Right after a brief populi vox intro, the album opens up with the flung gutter spittle of “The Lower East Side” and it’s greatly pissed off in the snottiest way possible. Peel’s near-hoarse vocal megaphonics blare out with rage, no frills and no sense as the paces of its rental garage backing keep plugging away undistracted. Peel’s brief pro-pot rant “The Pledge of Allegiance” follows, sounding like an outtake from the field recordings done on the streets of New York for the “Have A Marijuana” album, then it’s directly back into the studio with the aforementioned “Tequila” vamp, “Legalize Marijuana.” A bust scene ripped from the pages of Zap Comix ensues in the style of Gilbert Sheldon’s ‘Fabulous Furry Freak Brothers’ strip with the cop complaining about long-haired creeps and their dirty ways, so the volley back to the men in blue is “Oink Oink” as the title gets chanted in between Peel’s sung calls for getting the heat (along with hisself) stoned.

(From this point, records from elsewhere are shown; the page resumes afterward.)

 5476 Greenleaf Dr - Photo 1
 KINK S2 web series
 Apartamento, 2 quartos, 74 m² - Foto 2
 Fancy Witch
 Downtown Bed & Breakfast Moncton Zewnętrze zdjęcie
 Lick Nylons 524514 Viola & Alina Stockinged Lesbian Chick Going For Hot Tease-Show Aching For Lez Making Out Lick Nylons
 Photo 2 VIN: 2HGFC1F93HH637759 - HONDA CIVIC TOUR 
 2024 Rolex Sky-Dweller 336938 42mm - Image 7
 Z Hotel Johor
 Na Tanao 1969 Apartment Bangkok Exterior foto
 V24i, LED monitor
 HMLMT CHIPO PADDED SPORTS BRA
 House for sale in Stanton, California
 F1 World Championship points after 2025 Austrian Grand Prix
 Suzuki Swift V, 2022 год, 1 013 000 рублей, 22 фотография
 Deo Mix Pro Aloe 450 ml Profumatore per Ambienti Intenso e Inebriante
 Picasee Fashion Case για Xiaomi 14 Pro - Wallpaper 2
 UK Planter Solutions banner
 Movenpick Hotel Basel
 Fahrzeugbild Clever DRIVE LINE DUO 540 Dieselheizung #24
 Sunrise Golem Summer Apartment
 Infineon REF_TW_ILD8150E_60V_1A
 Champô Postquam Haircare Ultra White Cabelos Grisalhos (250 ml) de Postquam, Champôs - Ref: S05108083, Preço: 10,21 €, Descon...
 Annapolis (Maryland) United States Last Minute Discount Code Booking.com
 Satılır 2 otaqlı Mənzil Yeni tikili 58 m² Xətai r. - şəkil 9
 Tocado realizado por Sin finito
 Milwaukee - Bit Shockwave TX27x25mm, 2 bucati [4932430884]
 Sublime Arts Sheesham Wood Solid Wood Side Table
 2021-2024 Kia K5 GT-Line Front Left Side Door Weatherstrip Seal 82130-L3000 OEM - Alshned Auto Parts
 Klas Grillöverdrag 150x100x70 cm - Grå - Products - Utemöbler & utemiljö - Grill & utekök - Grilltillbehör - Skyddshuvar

This is pretty much the underlying theme of the majority of tracks, come to think of it. Especially as side one closes with “I Want To Get High”: ushered in by multiple repeats of the chorus “L-S-D-got-a-hold-on-me” in varying degrees of slurred, shouted and chanted tongues until it seems Peel and Co. have completely lost their respective minds.

The above-mentioned ”I Want To Kill You” kicks off the second side, and is the sort of thing you play REAL loud in your room when you’ve completely had it with everything and need to get rid of a layer of negativity when all you want is just for the entire world hear that chorus of ‘KILL!! KILL!! KILL!! KILL!!” come blasting from out of the confines of your inner sanctum. It’s violent but funny in the ol’ Three Stooges tradition, and is luckily harmless to everything but your speakers when you’re stressin’ all agitated and vexed to fuck. “Girls, Girls, Girls” is cheesy, teenage and designed to stay that way. A bright, snappy number (hotcha!) and it flows right into the pleading “Hey, Mr. Draft Board” as rendered with adenoidal, pesty Arnold Stang/Horshack vocal tones. You almost think Peel is about to yell out to the buzz-cut recruiter a “Welcome Back, Kotter”-styled note that reads: ‘Dear Mr. Draft Board: Please excuse David from the draft, as he hates your stinking war and wants to stay home so he can get high and record more songs about it. Signed, David Peel’s Mother.’ Which he kinda does anyway in his anti-war “spoken” passage, anyway (I only add the word “spoken” in quotes because ALL the lyrics here aren’t sung OR spoken as much as roughly barked out.) After crossfading out from the military snare and voices of anti-war dissent, Peel is now alone in the studio with his acoustic guitar’n’yammer fest, “God” where he ap-PEEL-s to an authority even higher than himself. And with it, all the screaming finally stops: as did Peel’s short but inspired career on Elektra Records, soon dropped along with all the other troublemakers on the label who weren’t gonna toe the line like Nico, The Stooges or the long-departed MC5. But the reckless Peel was not to be deterred, re-emerging two years later signed to Apple records through his associations with John Lennon and Yoko Ono. Apple released his third album, “The Pope Smokes Dope” and its contents were so offensive that it caused Peel (so the story goes) to be banned from practically every country on earth except for The United States and Canada.